Sour grapes: A wider context to Saudi refinery attack aftermath

The complex nature of the oil market and geopolitical context was not fully understood by countries outside the Iran-Saudi Arabia or US-China relations realm.

ARAMCO IS heading for an IPO but the September incident has repercussions. (photo credit: REUTERS)
ARAMCO IS heading for an IPO but the September incident has repercussions.
(photo credit: REUTERS)
There are several different contexts to analyze the attack on Aramco’s refinery on September 14, ranging from energy market to military strategic.
The basic context is a geopolitical dispute between Middle Eastern powers having a proxy war in Yemen, oil shipping route disputes getting out of hand and the testing of boundaries of US and international response.
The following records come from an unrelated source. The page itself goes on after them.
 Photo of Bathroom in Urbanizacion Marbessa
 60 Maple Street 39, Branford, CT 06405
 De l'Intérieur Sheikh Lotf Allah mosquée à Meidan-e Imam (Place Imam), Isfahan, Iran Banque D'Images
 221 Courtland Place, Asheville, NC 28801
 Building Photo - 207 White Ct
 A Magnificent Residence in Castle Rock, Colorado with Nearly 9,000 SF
It becomes much more complex when you consider that Saudi oil giant Aramco is on the cusp of the largest IPO ever, valued at up to $2 trillion. It becomes even more complex in light of the data that according to Reuters, China’s September refinery throughput rose by 9.4% year to year. China’s oil storage data and consumption is correlated to a variety of economic indexes that go far beyond China and Asia and deep into European and global economic indicators. Any disruption to prices and supply could impact this “well oiled” mechanism. To make matters even more complex, according to the IEA, OPEC faces “serious challenges” if it wants to defend oil prices in 2020 due to risks on the demand side.
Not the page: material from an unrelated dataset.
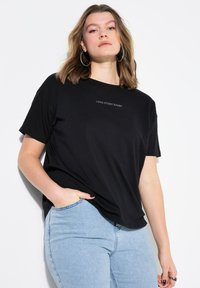 Studio Untold LONG STORY SHORT EMBROIDERED SHORT SLEEVE - Triko s potiskem - black
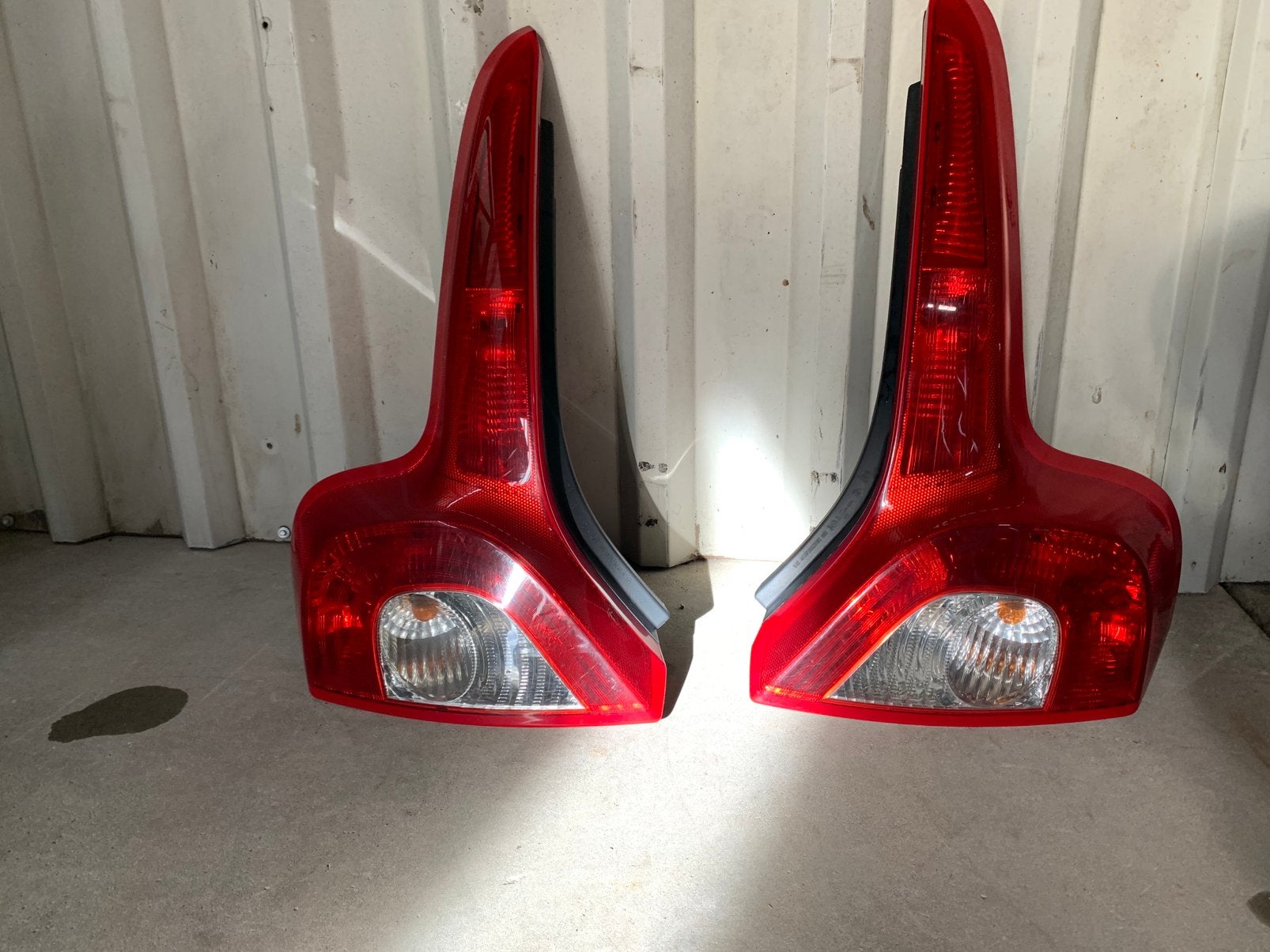 Originele Volvo C30 achterlichten links en rechts, Gebruikt, Info@volvocars.com, Beesd, Ophalen of Verzenden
It seems that this context was not lost on Aramco’s end. For a short period of time, there was a drop to production, but Aramco lived up to its promises and made restoration to facilities in record time, releasing its own oil reserves while raising production in other fields. If anything, this event showed how resilient and adaptive Aramco is as a company. However, there is no doubt that if similar attacks occur again, it will have a significant impact on Aramco and the region. The relevant parties clearly understood the intertwined nature of the situation and are believed to have worked out some understandings in the face of the US and China’s geopolitical interests as well as their own.
There is a risk, however that the complex nature of the oil market and geopolitical context was not fully understood by countries outside the Iran-Saudi Arabia or US-China relations realm. Middle Eastern countries that are not oil providers could overlook the financial aspect of the Aramco deal and the Chinese oil demand patterns and focus their efforts and understanding of reality on the military-geopolitical aspect alone. Asian countries reliant on oil to continue growing their GPD, could very well focus on the financial aspect, and how the attack had little long-term impact on the market and price and overlook the significance of the attack from a geopolitical standpoint when moving from a proxy war to a direct attack. This risk must be analyzed from all aspects, including by US energy market traders, mostly used to the sophistication of the US oil storage markets and supply-and-demand models that are nothing like the Chinese patterns, which are much more opportunistic in nature. 
Will such an attack happen again soon? It’s tempting to analyze that it might, as once a threshold has been crossed, it could be easier to repeat. However, if the market was different and geopolitical risks were not on the oil demand side as they are now, the outcome could have been very different, and it would be quite a risk for such an attack to happen again.
The author is a GARP-ERP (Energy Risk Professional).